» **EXERCISE BRIEF**: Your task is to transcribe each record exactly and to omit every image.

____ TASK DATA

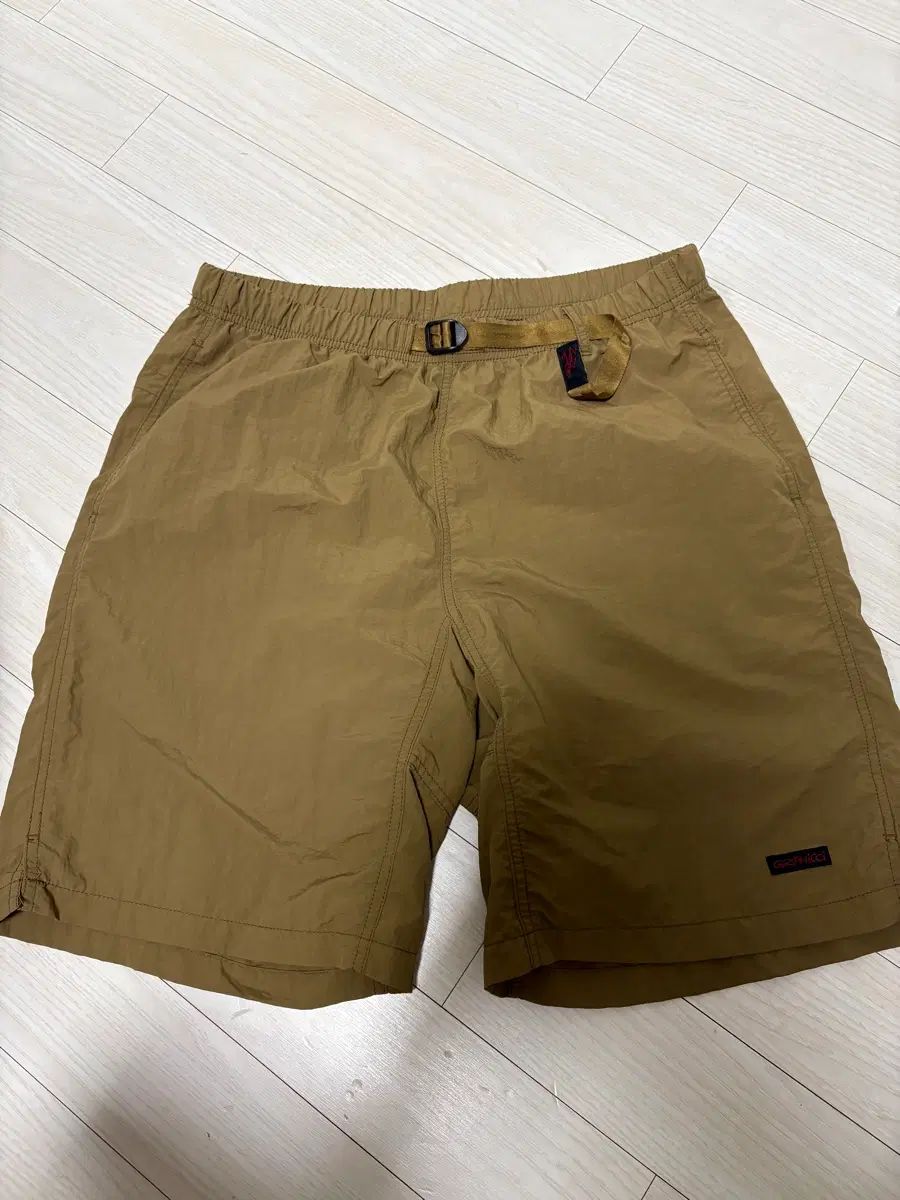 グラミチ パッカブル ハーフパンツ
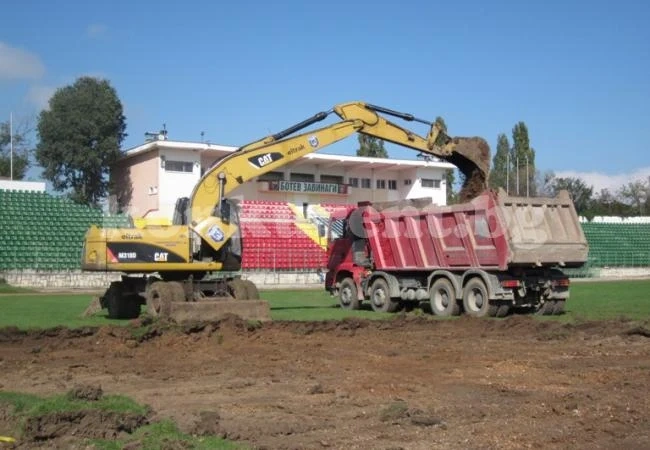 Ремонтират стадиона във Враца поне 5 месеца
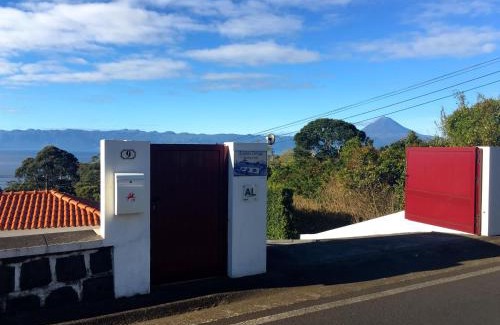 Urzelina House | Azorean Cottage São Jorge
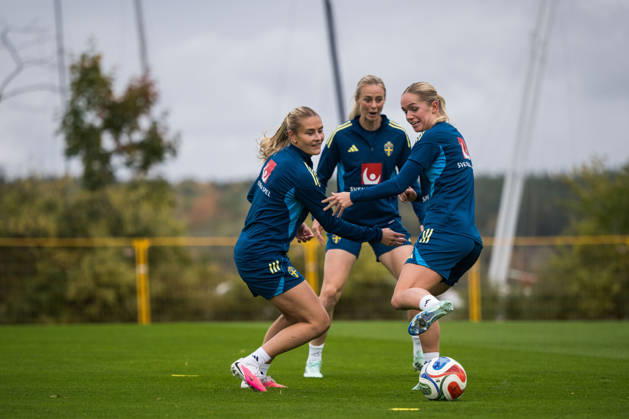 261008 Amanda NildÃ n, Amanda Ilestedt and Hanna Lundkvist of the Swedish women s national football team during a training session on October 8, 2026 in Stockholm. Photo: Johanna Säll BILDBYRAN kod JL JL0637 fotboll football soccer fotball vm-kval kval fifa womens world cup qualifier qualifier träning practice training sverige sweden dam bbengfotboll football soccer fotball vm-kval kval fifa womens world cup qualifier qualifier träning practice training sverige sweden dam bbeng Copyright: JOHANNAxSÄLL BB261008BB190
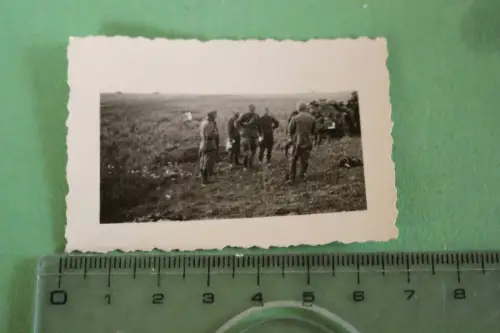 tolles altes Foto - russische Überläufer ??? weisse Tücher ? Dnjepr 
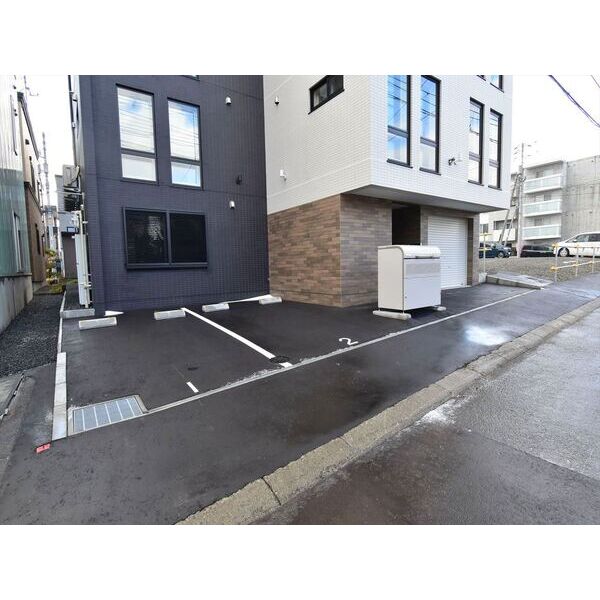 駐車場　駐車場があります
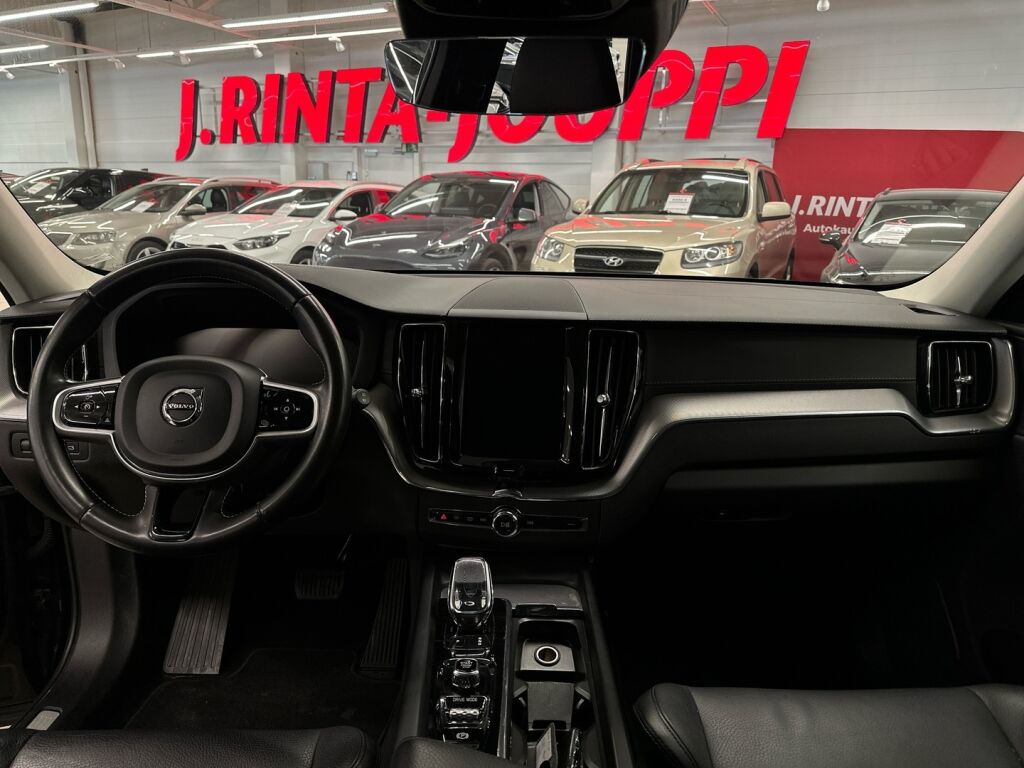Volvo XC60 2020 Musta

________

» **RESPONSE**:
 グラミチ パッカブル ハーフパンツ
 Ремонтират стадиона във Враца поне 5 месеца
 Urzelina House | Azorean Cottage São Jorge
 261008 Amanda NildÃ n, Amanda Ilestedt and Hanna Lundkvist of the Swedish women s national football team during a training session on October 8, 2026 in Stockholm. Photo: Johanna Säll BILDBYRAN kod JL JL0637 fotboll football soccer fotball vm-kval kval fifa womens world cup qualifier qualifier träning practice training sverige sweden dam bbengfotboll football soccer fotball vm-kval kval fifa womens world cup qualifier qualifier träning practice training sverige sweden dam bbeng Copyright: JOHANNAxSÄLL BB261008BB190
 tolles altes Foto - russische Überläufer ??? weisse Tücher ? Dnjepr 
 駐車場　駐車場があります
Volvo XC60 2020 Musta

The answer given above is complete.